一般使用transformers做bert finetune时，bert(input_ids, attention_mask=attention_mask,token_type_ids=token_type_ids)会返回两个值，一个是sequence_output，其shape大小为（batch_size，bert_hidden_size），另一个是pooled_output，这里的pooler_output指的是输出序列最后一个隐层，即CLS标签，其shape大小为（batch_size，bert_hidden_size）

可以通过 outputs[0]或者outputs.last_hidden_state取得sequence_output向量。
可以通过 outputs[1]或者outputs.pooler_output取得pooled_output向量。
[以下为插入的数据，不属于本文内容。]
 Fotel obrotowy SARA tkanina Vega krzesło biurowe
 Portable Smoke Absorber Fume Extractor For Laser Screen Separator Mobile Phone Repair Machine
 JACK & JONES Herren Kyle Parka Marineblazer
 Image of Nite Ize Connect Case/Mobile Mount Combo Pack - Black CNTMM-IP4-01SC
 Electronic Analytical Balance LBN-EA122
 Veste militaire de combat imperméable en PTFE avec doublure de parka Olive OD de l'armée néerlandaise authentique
一般对于分类任务取bert的最后层输出做平均池化接入线性层，代码中可以直接用outputs.pooler_output作为linear的输入，也可以使用outputs.last_hidden_state.mean(dim=1)作为linear的输入，自己测试后者要更好一点。

改进bert输出

我们知道bert模型有12层transformer层组成，如果我们要取出其中某一层的向量，或者做向量拼接该如何做呢？
我们查看BertModel(BertPreTrainedModel)的官方文档，里面对返回值outputs的解释如下：
Outputs: Tuple comprising various elements depending on the configuration (config) and inputs:
last_hidden_state: torch.FloatTensor of shape (batchsize, sequence_length, hidden_size)
Sequence of hidden-states at the output of the last layer of the model.
pooler_output: torch.FloatTensor of shape (batch_size, hidden_size)
Last layer hidden-state of the first token of the sequence (classification token)further processed by a Linear layer and a Tanh activation function. The Linear layer weights are trained from the next sentence prediction (classification)
objective during Bert pretraining. This output is usually _not a good summary of the semantic content of the input, you’re often better with averaging or pooling the sequence of hidden-states for the whole input sequence.
hidden_states: (optional, returned when config.output_hidden_states=True),list of torch.FloatTensor (one for the output of each layer + the output of the embeddings)of shape (batch_size, sequence_length, hidden_size):
Hidden-states of the model at the output of each layer plus the initial embedding outputs.
attentions: (optional, returned when config.output_attentions=True),list of torch.FloatTensor (one for each layer) of shape (batch_size, num_heads, sequence_length, sequence_length):Attentions weights after the attention softmax, used to compute the weighted average in the self-attention heads.
根据官方文档我们可以看到有一个**hidden_states**层会返回所有layer的向量，其形状为(batch_size, sequence_length, hidden_size)，但要输出这个list需要在初始化bert时配置config.output_hidden_states=True，才会返回**hidden_states**

我们重新修改一下代码，尝试取出bert的倒数第三层transformer的输出向量

class ClsBERT(BertPreTrainedModel):
    def __init__(self, config, args, label_lst):
        super(ClsBERT, self).__init__(config)
        self.args = args
        self.num_labels = len(label_lst)
        self.bert = BertModel(config=config)  # Load pretrained bert
        self.classifier = IntentClassifier(config.hidden_size, self.num_labels, args.dropout_rate)
    def forward(self, input_ids, attention_mask, token_type_ids, label_ids):
        """添加 output_hidden_states = True
        """
        outputs = self.bert(input_ids, attention_mask=attention_mask,token_type_ids=token_type_ids,output_hidden_states = True) 
        """修改pooled_outputs
        hidden_states[-3] 表示倒数第三层输出
        mean(dim=1) 表示 平均池化输出向量 得到(batch_size,hidden_layers)
        """
        pooled_output = outputs.hidden_states[-3].mean(dim=1)
        logits = self.classifier(pooled_output)
        outputs = ((logits),) + outputs[2:]  # add hidden states and attention if they are here
        # 1. Intent Softmax
        if label_ids is not None:
            if self.num_labels == 1:
                loss_fct = nn.MSELoss()
                loss = loss_fct(logits.view(-1), label_ids.view(-1))
            else:
                loss_fct = nn.CrossEntropyLoss()
                loss = loss_fct(logits.view(-1, self.num_labels), label_ids.view(-1))
            outputs = (loss,) + outputs
        return outputs  # (loss), logits, (hidden_states), (attentions)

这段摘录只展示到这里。